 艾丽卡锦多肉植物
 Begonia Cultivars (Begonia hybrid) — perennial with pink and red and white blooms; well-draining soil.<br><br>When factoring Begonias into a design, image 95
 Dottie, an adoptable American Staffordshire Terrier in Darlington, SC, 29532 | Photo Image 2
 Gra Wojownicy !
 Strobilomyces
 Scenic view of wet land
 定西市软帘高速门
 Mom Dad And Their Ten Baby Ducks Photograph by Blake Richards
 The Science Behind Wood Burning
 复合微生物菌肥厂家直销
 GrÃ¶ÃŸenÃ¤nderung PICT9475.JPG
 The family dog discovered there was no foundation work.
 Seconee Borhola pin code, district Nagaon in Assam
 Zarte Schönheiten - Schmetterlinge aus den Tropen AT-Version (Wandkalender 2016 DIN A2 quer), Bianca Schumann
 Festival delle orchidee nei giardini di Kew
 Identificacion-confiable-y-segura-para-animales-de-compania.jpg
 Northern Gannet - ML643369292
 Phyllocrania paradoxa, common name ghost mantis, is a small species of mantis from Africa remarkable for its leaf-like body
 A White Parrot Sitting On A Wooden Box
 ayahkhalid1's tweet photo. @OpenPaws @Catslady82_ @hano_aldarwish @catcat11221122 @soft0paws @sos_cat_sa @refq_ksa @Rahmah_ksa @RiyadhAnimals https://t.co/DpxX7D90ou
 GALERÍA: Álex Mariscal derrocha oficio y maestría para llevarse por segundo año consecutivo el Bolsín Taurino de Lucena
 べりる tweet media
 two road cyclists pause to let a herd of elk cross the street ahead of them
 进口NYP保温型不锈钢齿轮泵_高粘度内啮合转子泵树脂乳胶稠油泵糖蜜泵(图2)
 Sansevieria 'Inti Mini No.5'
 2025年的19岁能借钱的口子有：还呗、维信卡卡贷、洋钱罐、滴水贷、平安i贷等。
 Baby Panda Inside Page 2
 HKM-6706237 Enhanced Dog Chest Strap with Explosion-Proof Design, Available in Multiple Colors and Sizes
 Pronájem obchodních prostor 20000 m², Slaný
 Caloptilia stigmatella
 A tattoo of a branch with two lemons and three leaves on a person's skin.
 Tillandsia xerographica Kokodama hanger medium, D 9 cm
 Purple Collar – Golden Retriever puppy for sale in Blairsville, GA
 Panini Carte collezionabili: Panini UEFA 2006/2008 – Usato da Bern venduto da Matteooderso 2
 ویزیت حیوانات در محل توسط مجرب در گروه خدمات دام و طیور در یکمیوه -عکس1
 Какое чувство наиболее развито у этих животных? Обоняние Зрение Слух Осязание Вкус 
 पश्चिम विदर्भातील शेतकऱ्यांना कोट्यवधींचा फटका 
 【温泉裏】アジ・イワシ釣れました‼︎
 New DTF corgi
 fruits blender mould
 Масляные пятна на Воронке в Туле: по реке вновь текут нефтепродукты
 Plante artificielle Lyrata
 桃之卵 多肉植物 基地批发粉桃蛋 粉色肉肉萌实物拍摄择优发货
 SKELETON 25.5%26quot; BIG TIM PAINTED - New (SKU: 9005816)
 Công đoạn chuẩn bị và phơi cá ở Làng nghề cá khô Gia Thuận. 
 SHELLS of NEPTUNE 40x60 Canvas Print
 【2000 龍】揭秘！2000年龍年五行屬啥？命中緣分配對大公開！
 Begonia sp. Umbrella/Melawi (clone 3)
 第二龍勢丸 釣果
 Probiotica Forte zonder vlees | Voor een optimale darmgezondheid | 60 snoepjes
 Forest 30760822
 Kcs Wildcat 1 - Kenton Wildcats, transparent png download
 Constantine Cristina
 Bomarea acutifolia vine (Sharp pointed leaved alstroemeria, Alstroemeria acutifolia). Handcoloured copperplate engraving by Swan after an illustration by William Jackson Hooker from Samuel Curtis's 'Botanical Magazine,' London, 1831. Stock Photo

* * *

▶ Your task
Please print all of the material again with no alteration.

▶ Written answer
 艾丽卡锦多肉植物
 Begonia Cultivars (Begonia hybrid) — perennial with pink and red and white blooms; well-draining soil.<br><br>When factoring Begonias into a design, image 95
 Dottie, an adoptable American Staffordshire Terrier in Darlington, SC, 29532 | Photo Image 2
 Gra Wojownicy !
 Strobilomyces
 Scenic view of wet land
 定西市软帘高速门
 Mom Dad And Their Ten Baby Ducks Photograph by Blake Richards
 The Science Behind Wood Burning
 复合微生物菌肥厂家直销
 GrÃ¶ÃŸenÃ¤nderung PICT9475.JPG
 The family dog discovered there was no foundation work.
 Seconee Borhola pin code, district Nagaon in Assam
 Zarte Schönheiten - Schmetterlinge aus den Tropen AT-Version (Wandkalender 2016 DIN A2 quer), Bianca Schumann
 Festival delle orchidee nei giardini di Kew
 Identificacion-confiable-y-segura-para-animales-de-compania.jpg
 Northern Gannet - ML643369292
 Phyllocrania paradoxa, common name ghost mantis, is a small species of mantis from Africa remarkable for its leaf-like body
 A White Parrot Sitting On A Wooden Box
 ayahkhalid1's tweet photo. @OpenPaws @Catslady82_ @hano_aldarwish @catcat11221122 @soft0paws @sos_cat_sa @refq_ksa @Rahmah_ksa @RiyadhAnimals https://t.co/DpxX7D90ou
 GALERÍA: Álex Mariscal derrocha oficio y maestría para llevarse por segundo año consecutivo el Bolsín Taurino de Lucena
 べりる tweet media
 two road cyclists pause to let a herd of elk cross the street ahead of them
 进口NYP保温型不锈钢齿轮泵_高粘度内啮合转子泵树脂乳胶稠油泵糖蜜泵(图2)
 Sansevieria 'Inti Mini No.5'
 2025年的19岁能借钱的口子有：还呗、维信卡卡贷、洋钱罐、滴水贷、平安i贷等。
 Baby Panda Inside Page 2
 HKM-6706237 Enhanced Dog Chest Strap with Explosion-Proof Design, Available in Multiple Colors and Sizes
 Pronájem obchodních prostor 20000 m², Slaný
 Caloptilia stigmatella
 A tattoo of a branch with two lemons and three leaves on a person's skin.
 Tillandsia xerographica Kokodama hanger medium, D 9 cm
 Purple Collar – Golden Retriever puppy for sale in Blairsville, GA
 Panini Carte collezionabili: Panini UEFA 2006/2008 – Usato da Bern venduto da Matteooderso 2
 ویزیت حیوانات در محل توسط مجرب در گروه خدمات دام و طیور در یکمیوه -عکس1
 Какое чувство наиболее развито у этих животных? Обоняние Зрение Слух Осязание Вкус 
 पश्चिम विदर्भातील शेतकऱ्यांना कोट्यवधींचा फटका 
 【温泉裏】アジ・イワシ釣れました‼︎
 New DTF corgi
 fruits blender mould
 Масляные пятна на Воронке в Туле: по реке вновь текут нефтепродукты
 Plante artificielle Lyrata
 桃之卵 多肉植物 基地批发粉桃蛋 粉色肉肉萌实物拍摄择优发货
 SKELETON 25.5%26quot; BIG TIM PAINTED - New (SKU: 9005816)
 Công đoạn chuẩn bị và phơi cá ở Làng nghề cá khô Gia Thuận. 
 SHELLS of NEPTUNE 40x60 Canvas Print
 【2000 龍】揭秘！2000年龍年五行屬啥？命中緣分配對大公開！
 Begonia sp. Umbrella/Melawi (clone 3)
 第二龍勢丸 釣果
 Probiotica Forte zonder vlees | Voor een optimale darmgezondheid | 60 snoepjes
 Forest 30760822
 Kcs Wildcat 1 - Kenton Wildcats, transparent png download
 Constantine Cristina
 Bomarea acutifolia vine (Sharp pointed leaved alstroemeria, Alstroemeria acutifolia). Handcoloured copperplate engraving by Swan after an illustration by William Jackson Hooker from Samuel Curtis's 'Botanical Magazine,' London, 1831. Stock Photo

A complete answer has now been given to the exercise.